The Company believes that its gas procurement activities,
transportation arrangements and operations were prudent and will
vigorously contest any disallowance or penalty recommended by the DRA
or other parties.
The Company recorded a reserve of $61 million in 1993 and has accrued
approximately $90 million in the first quarter of 1994 as a result of
the CPUC's disallowances in the gas reasonableness proceedings for 1988
through 1990 and the Company's assessment of how the CPUC's decisions
may impact the open reasonableness issues. The Company currently is
unable to estimate the ultimate outcome of the gas reasonableness
proceedings, including the affiliate audit, or predict whether such
outcome will have a significant adverse impact on its results of
operations.
Legal Matters:
- - -------------
Antitrust Litigation: In December 1993, the County of Stanislaus,
California and a residential customer of PG&E, filed a complaint
against PG&E and Pacific Gas Transmission Company on behalf of
themselves and purportedly as a class action on behalf of all natural
gas customers of PG&E for the period of February 1988 through October
1993. The complaint alleges that the purchase of natural gas in
Canada by A&S was accomplished in violation of various antitrust laws
which resulted in increased prices of natural gas for PG&E's
customers.
The complaint alleges that the Company could have purchased as much
as 50% of its Canadian gas on the spot market instead of relying on
long-term contracts and that the damage to the class members is at
least as much as the price differential multiplied by the replacement
volume of gas, an amount estimated in the complaint as potentially
exceeding $800 million. The complaint indicates that the damages to
the class could include over $150 million paid by the Company to
terminate the contracts with the Canadian gas producers in November
1993. The complaint also seeks recovery of three times the amount of
the actual damages pursuant to antitrust laws.

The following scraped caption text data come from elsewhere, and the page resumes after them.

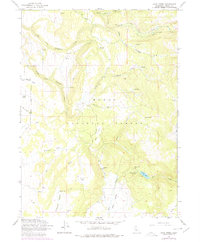 Soup Creek 1963 topographic map thumbnail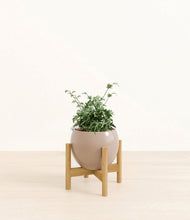 Load image into Gallery viewer, Desert Brown stand:bamboo
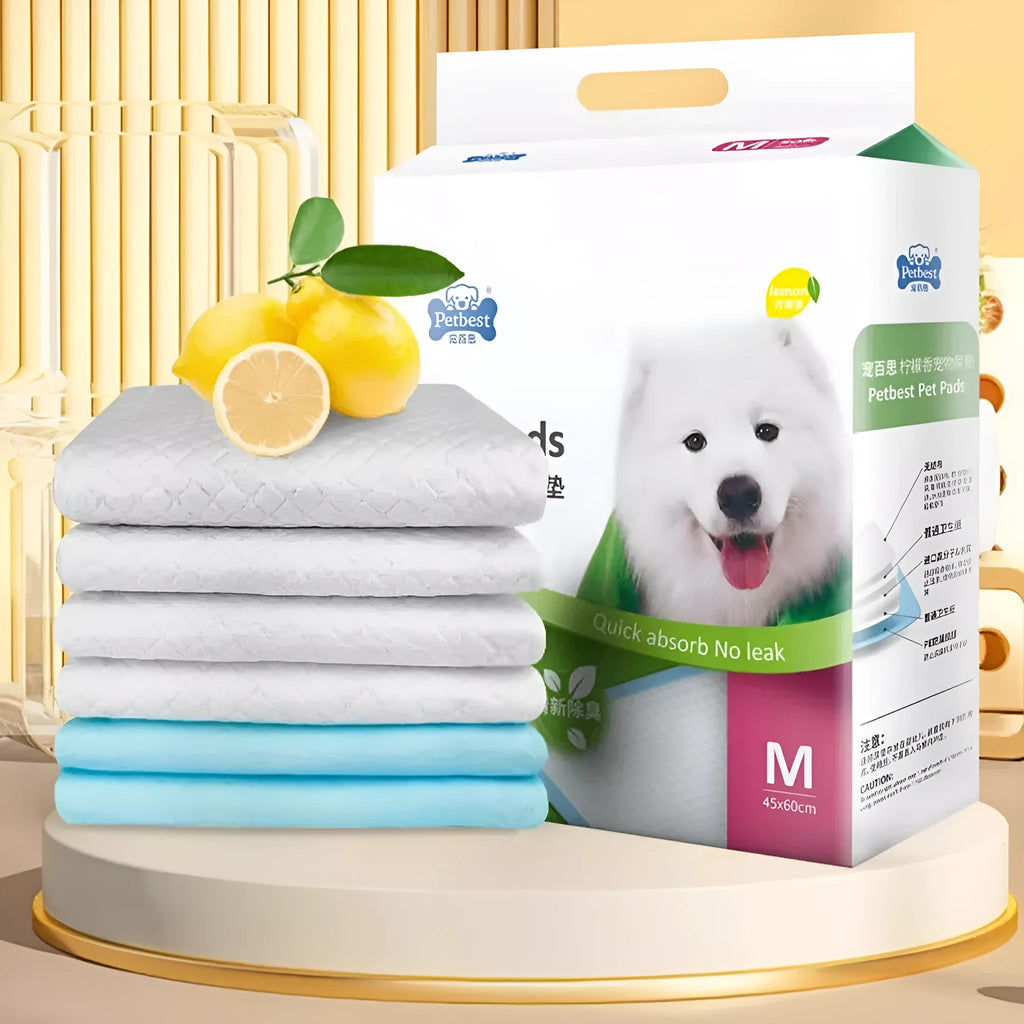 Pack of thickened dog urine pads showing S M L XL sizes with bamboo charcoal and adhesive options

The Company believes the case is without merit and has filed a motion
to dismiss the complaint. The Company believes that the ultimate
outcome of the antitrust litigation will not have a significant
adverse impact on its financial position.

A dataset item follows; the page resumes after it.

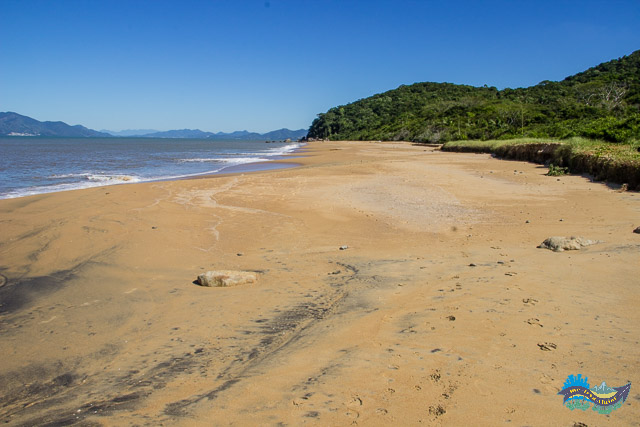 Praia deserta na Trilha Costeira de Zimbros. Praia deserta na Trilha Costeira de Zimbros.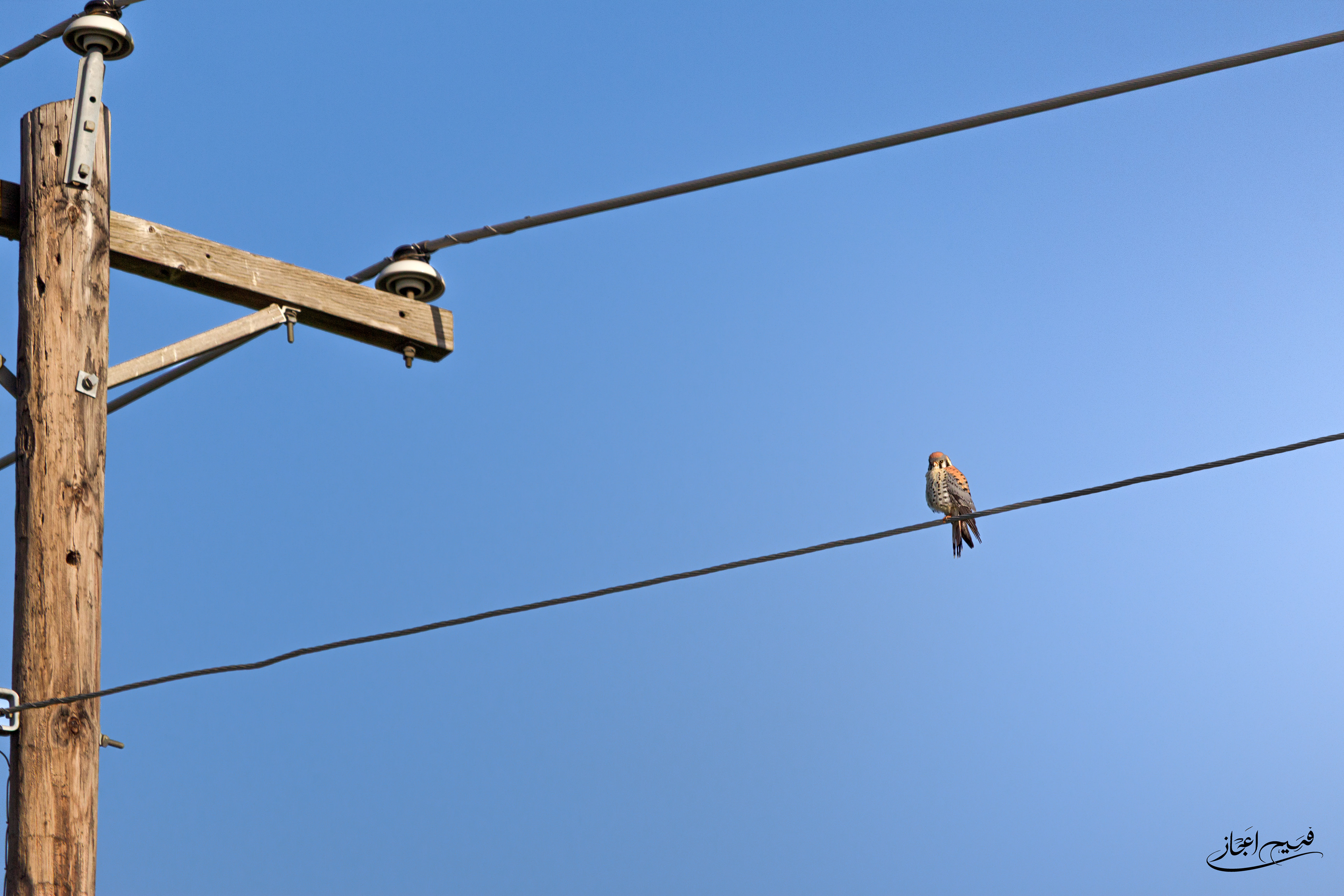 Texas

Hinkley Litigation: In 1993, a complaint was filed on behalf of a
number of individuals seeking recovery of an unspecified amount of
damages for personal injuries and property damage allegedly suffered
as a result of exposure to chromium near the Company's Hinkley
Compressor Station, as well as punitive damages. The original
complaint has been amended, and additional complaints have been
filed, to include additional plaintiffs.
In 1987, the Company undertook an extensive project to remediate
potential groundwater chromium contamination. The Company has
incurred substantially all of the costs it currently deems necessary
to clean up the affected groundwater contamination. In accordance
with the remediation plan approved by the regional water quality
board, the Company will continue to monitor the affected area and
perform environmental assessments.
In November 1993, the parties engaged in private mediation sessions.
In December 1993, the plaintiffs filed an offer to compromise and
settle their claims against the Company for $250 million.

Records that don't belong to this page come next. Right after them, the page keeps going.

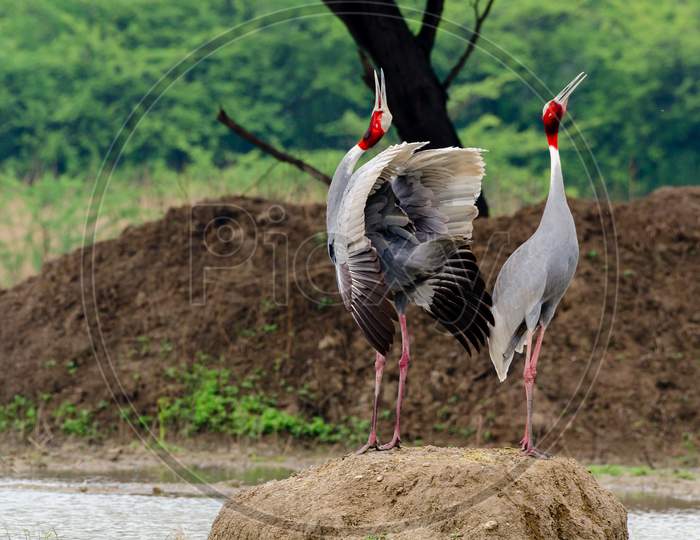 Sarus Crane Sultanpur National Park Haryana India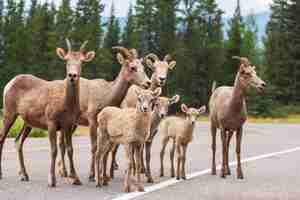 Kostenloses Foto ziege in kanada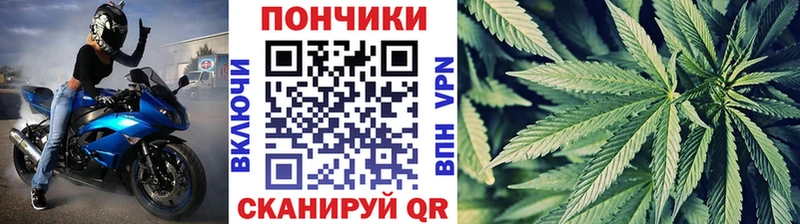 сколько стоит  Балабаново  Бошки Шишки Amnesia 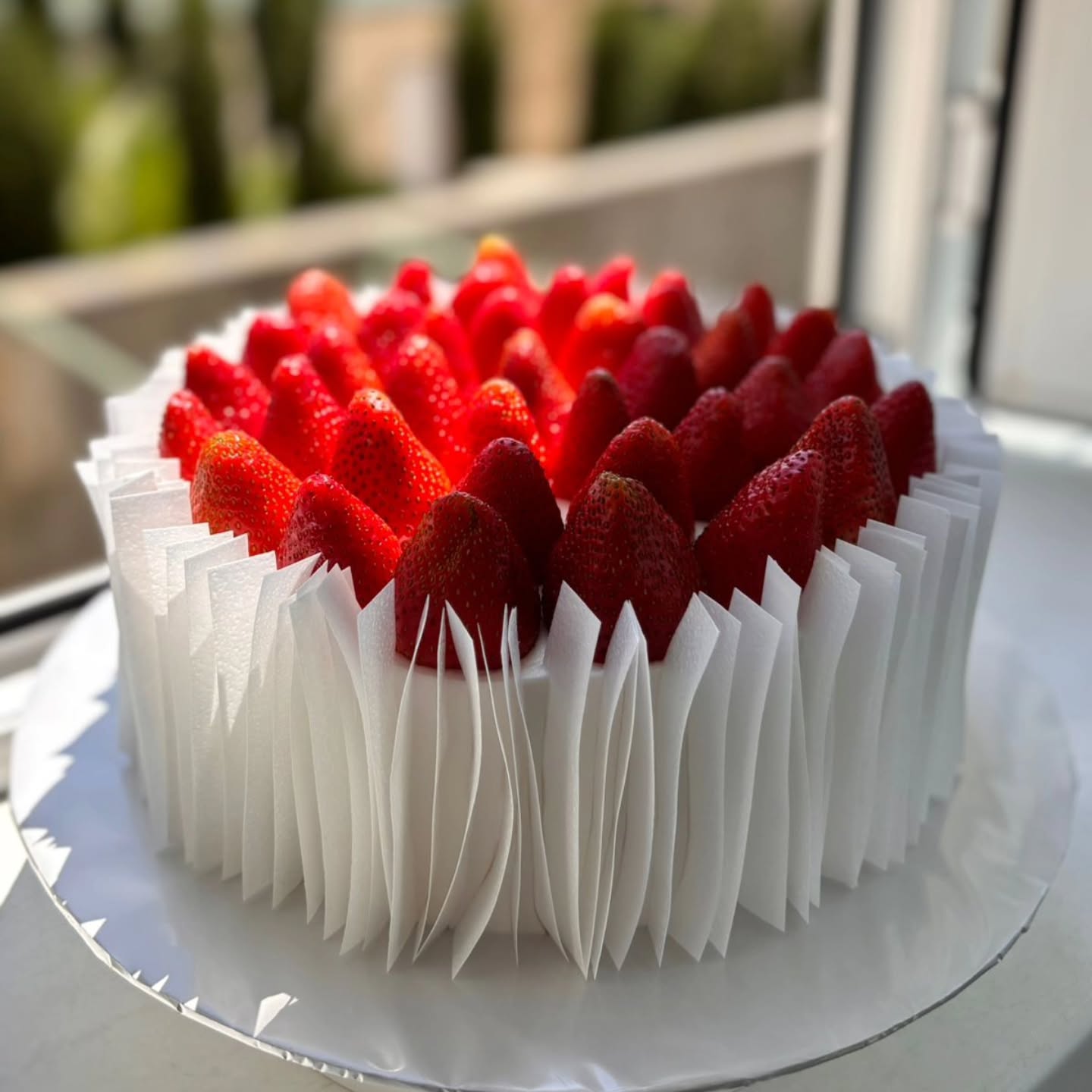 Toy və Nişan Tortları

The Company is unable to estimate the ultimate outcome of this
matter, but such outcome could have a significant adverse impact on
the Company's results of operations. The Company believes that the
ultimate outcome of this matter will not have a significant adverse
impact on its financial position. (See Note 4 of Notes to
Consolidated Financial statements for further discussion).
QF Transmission Litigation: The Company is a defendant in a lawsuit,
currently in trial, resulting from the termination of a power
purchase agreement. The plaintiff contends the Company
misrepresented to the CPUC and to QFs its transmission capacity and
that the existence of transmission constraints extended the deadline
for delivery of energy. The plaintiff also alleges the Company had
an obligation to build transmission upgrades at the Company's
expense, which it did not fulfill. The complaint seeks compensatory
and punitive damages of an unspecified amount. However, the
plaintiff's damage expert has testified that in his opinion, the
plaintiff's lost profits were $80 million. There are other similarly
situated QFs which might choose to file similar complaints depending
on the outcome of this litigation. The Company believes that the
matter has no merit and that the ultimate outcome will not have a
significant adverse impact on its financial position or results of
operations.
Franchise Fees Litigation: In March 1994, Santa Clara and Alameda
counties filed a class action suit against the Company on behalf of
themselves and 45 other counties in the Company's service area. This
lawsuit alleges that the Company underpaid franchise fees to the
counties for the right to use or occupy public streets or roads as a
result of incorrectly computing these payments. Should plaintiffs
prevail, the Company currently estimates that its annual system-wide
county franchise fees could increase by approximately $15 million.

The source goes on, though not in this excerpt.